Bumble to launch a speed dating feature that lets users chat before matching or seeing pictures – SCREENSHOT Media

Bumble to launch a speed dating feature that lets users chat before matching or seeing pictures

By Alma Fabiani

Published Oct 4, 2022 at 03:26 PM

Reading time: 2 minutes

From opening up a cafe and wine bar to encourage in-person meetups following the countless COVID-19 lockdowns that kept us indoors and online during the last two years to playing a crucial part in the fight towards criminalising cyberflashing in the UK, it’s no surprise why Bumble is often seen as a pioneer in the dating app market. After all, its very own concept—having women make the first move—shook the industry when Bumble first launched in 2014.

It seems like 2022 is no different, as the dating app has now announced that it is looking to introduce its users to a new way of connecting with each other—speed dating is back in, peeps. As first reported by TechCrunch, the company has been “quietly testing a speed-dating feature in its UK market, which allows users to join the app on a designated night and time to engage in brief chats with other members before they’ve seen their photo or matched.”

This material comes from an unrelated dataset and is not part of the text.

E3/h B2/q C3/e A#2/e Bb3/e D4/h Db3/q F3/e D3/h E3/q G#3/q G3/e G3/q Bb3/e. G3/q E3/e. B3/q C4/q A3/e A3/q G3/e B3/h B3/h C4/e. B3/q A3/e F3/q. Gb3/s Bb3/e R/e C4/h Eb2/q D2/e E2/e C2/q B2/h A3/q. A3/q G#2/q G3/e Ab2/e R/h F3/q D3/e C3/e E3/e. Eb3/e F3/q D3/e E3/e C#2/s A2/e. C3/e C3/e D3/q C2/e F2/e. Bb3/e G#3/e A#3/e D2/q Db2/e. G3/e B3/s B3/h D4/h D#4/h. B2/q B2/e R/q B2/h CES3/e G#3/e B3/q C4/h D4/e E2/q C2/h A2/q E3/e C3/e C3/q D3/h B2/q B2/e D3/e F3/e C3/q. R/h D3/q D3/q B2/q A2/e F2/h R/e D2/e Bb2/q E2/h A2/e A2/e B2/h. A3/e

If the date goes well, then both parties can choose to match in order to keep the conversation going. If not, easy-peasy, they can just pretend like it never happened.

Though Bumble wouldn’t confirm the details of the new service when TechCrunch reached out, it did note that it had a product announcement pending. “At Bumble, we are always testing new and different ways for our community to connect,” a spokesperson further told Gizmodo. “Like all tests, we will collect feedback before deciding if we roll it out more widely.”

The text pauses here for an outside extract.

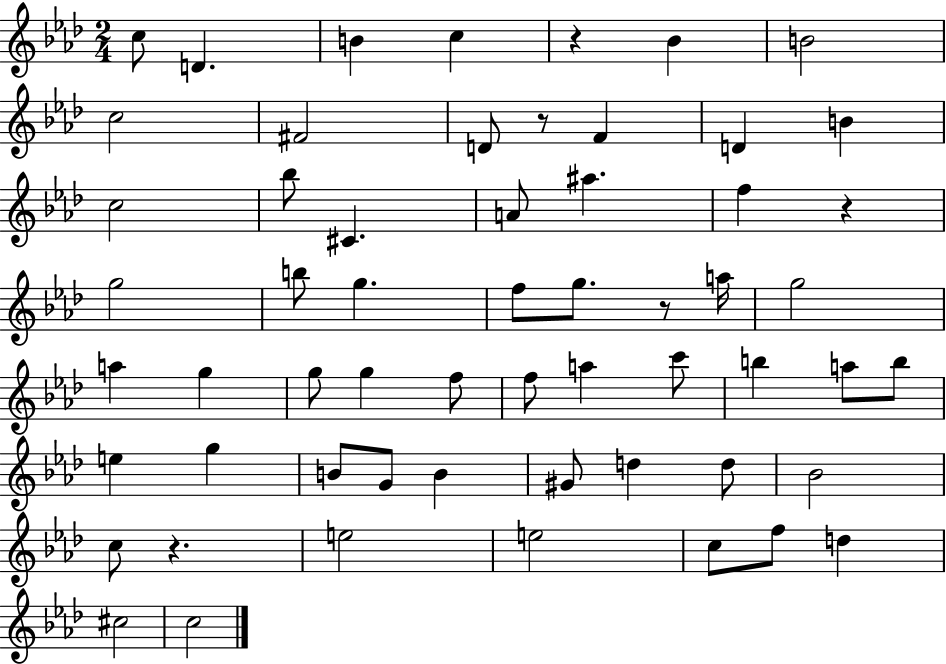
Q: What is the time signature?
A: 2/4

The potential introduction of this speed dating feature follows a number of attempts by rival dating platforms to incorporate similar options into their own offerings—given how more and more users have started showing signs of fatigue with the standard swiping alternative.

So far, some of these efforts have fared better than others. Dating app Tinder’s parent Match Group, for example, leveraged technology from its acquisition of Hyperconnect to integrate audio and video technologies into its various brands including Meetic, Match and Japan-based Pairs, such as blind date-style features.

Tinder itself also launched a blind date feature involving in-app chats as well as a ‘Fast Chat’ feature for connecting before matching as part of its larger social platform, Tinder Explore. Even Facebook wanted a piece of the action when it tested a video speed dating service called Sparked back in 2021. The side project was eventually shut down in 2022 after it failed to gain traction.

According to data from product intelligence firm Watchful, Bumble’s new feature has been trialled on Thursdays at 7pm in the UK. Marketed as a game that allows users to ‘finally’ leave the app for good, it allegedly starts when Bumble users see a ‘Live’ icon appear in the app.

First, the players have to accept a set of dating rules—like “keep it respectful” and “don’t ask about their looks”—before they’re able to enter. They can then chat with other participants for three minutes before they’re shown each other’s photos. After the time is up, the players can decide to match and continue to a private chat.

Bumble has also recently been spotted testing a number of other social networking-inspired features within a platform called Hive, as part of the revamp of its BFF friend-finding platform, including video calls, polls and chats—a move that could be interpreted as yet another sign that younger users (namely, gen Z) are turning to social media apps to both socialise and meet potential partners, therefore cutting into traditional dating apps’ core audience.